Great. That crowbar's done for.
"WHAT DO YOU WANT ME TO SAY?!" he wailed, on the verge of losing his mind.
...
Bruce realized something important.
He hadn't even asked a question yet.
"Stop."
The Mad Hatter curled into a shivering ball like a terrified hamster, pressing himself against the back of the capsule.
Bruce tried to sound calm:
"Tetchy, don't be afraid...its useless to be afraid."
Ugh. That sounded way worse out loud.
"Robin just… looks intense. He's actually quite kind."
Clang!
Tim slammed the crowbar into the floor. The Hatter collapsed with a shriek.
Bruce gave up on comforting and got to the point:
"You intercepted the red bird used by Bane's lieutenant, Bird, to monitor you. You placed a tracker on it. You know Bane's location, Tetch."
"You were gathering people again, planning another twisted Alice-in-Wonderland game. But this time, you wanted to send someone capable after Bane—someone to test him. You were setting up the board."
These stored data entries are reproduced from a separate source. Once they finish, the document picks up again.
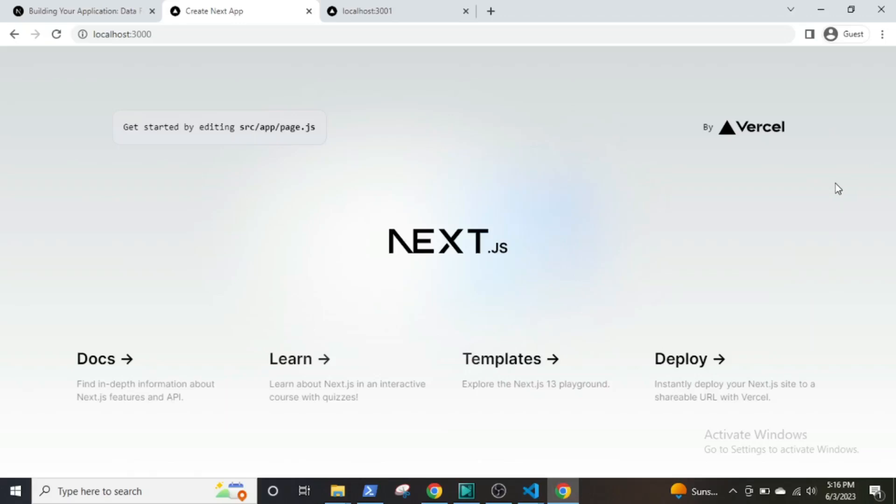Hello and welcome to the channel. About a month ago, Next.js 13.4 was released and there were significant changes to the framework, namely the app router, Turbo Pack, and server actions.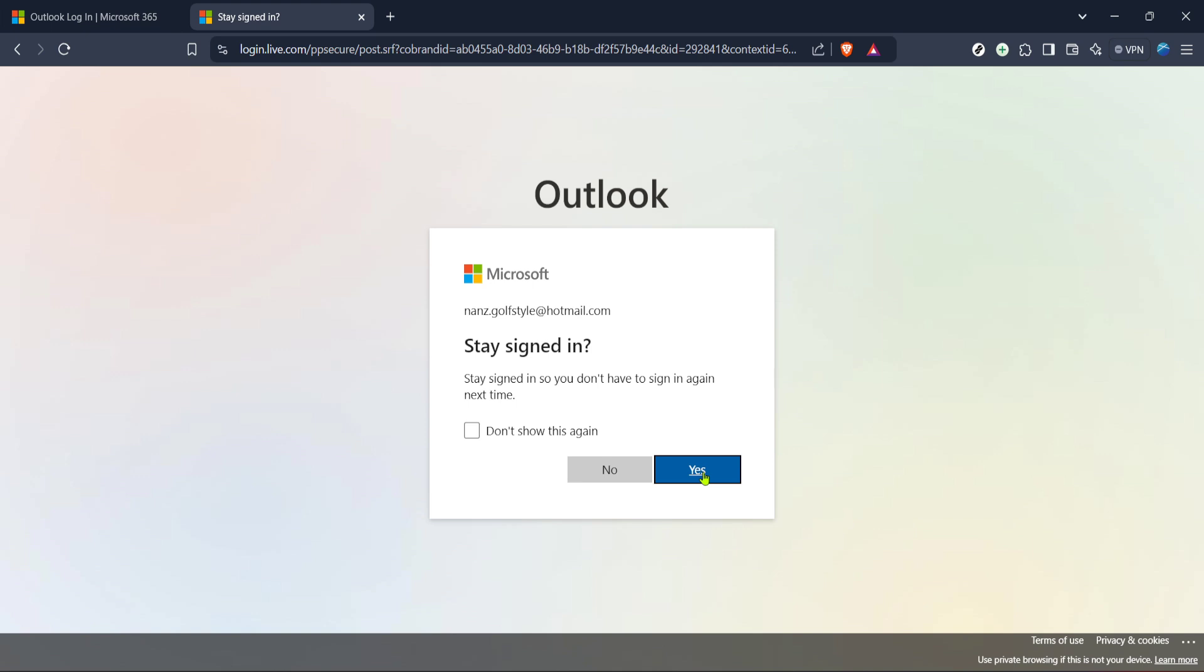At this point, the system will verify your credentials, so give it a few moments to complete this process. If your password is correct, you will seamlessly move to the next step.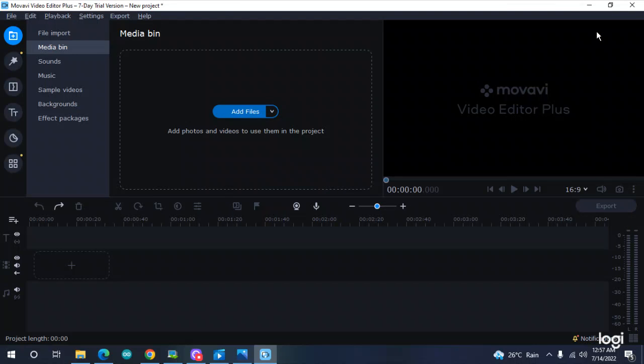Assalamu alaikum everyone, hope you all are fine. In this video, I was working on editing a video and I was in trouble with something. When I learn something, I want to put it on YouTube. So in this video, I'm going to tell you how to merge multiple videos and edit them on Movavi Video Editor Plus.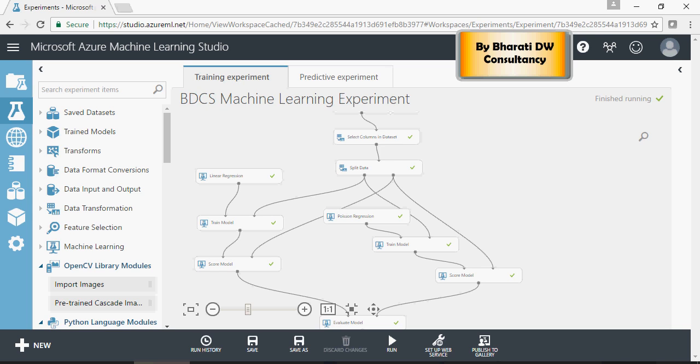In the previous video we discussed how to execute R scripts from Azure Machine Learning Studio. Let's see some R scripting with input and output data.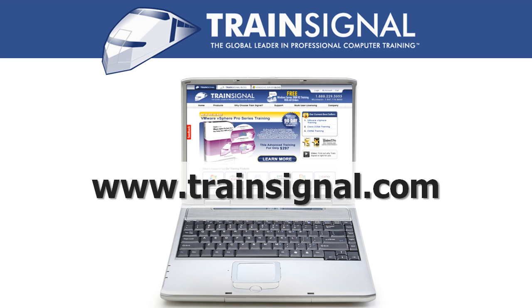Thanks for watching. For more information regarding our training videos, please visit www.TrainSignal.com.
Bruce watched his expression. He didn't know exactly how far the Hatter had gone. But judging from his face—
Yeah. He knew where Bane was.
"Tetch, my patience is limited."
Tim raised the crowbar again.
---
45 minutes later...
"Gordon, move fast. Hit hard, before Bane reacts."
"Yes, we'll need heavy firepower. Evacuate civilians, then hit the location with artillery."
"I don't care if the National Guard's short-handed. Just pin him down."
"And watch out for ambushes. If Bane targets your officers—"
Beep.
Bruce hung up.
He could already imagine the look on Bane's face the moment he saw tanks rolling in.
This should wipe the smirk off his face.
Wait can he even smile behind that mask?
---
"May God forgive you, as you forgive others. From dust you came, to dust you return…"
The Angel of Death's funeral was quiet and short.
Bruce and Robin stood apart from the priest, Alfred, and the digging team. Rain drizzled onto their black umbrellas as the grave slowly took shape.
In the original history, Azrael—Jean Paul Valley—had taken up Batman's mantle after Bane shattered Bruce's spine. He had defeated Bane…
But he'd also gone mad with power, degenerating into a darker, more violent Batman, and was ultimately defeated by Bruce upon his return.
Now, that future was gone—buried under fresh soil.
A butterfly effect caused by time travel.
The time-traveling Batman didn't have the stamina or obsession to hunt criminals every night like his original self.
And that gave Jean Paul a window.
As with all good Bat-Family tradition, he ignored Bruce's orders, donned the Bat-suit in secret—
—then ran into Bane.
One punch.
That was all it took.
They found the headless body the next morning and returned it to Wayne Manor.
The so-called "big devil" of Knightfall died four hours before he could even begin his arc.
Bruce didn't mourn.
Jean Paul had been a product of long-term cult brainwashing by the order of St. Dumas. His mind was unstable-maybe that's why he fell into darkness.
But Tim… Tim was devastated. He had been closed friends with Jean-Paul.
He laid flowers at the grave and turned to Bruce.
"Bruce… I have something to tell you."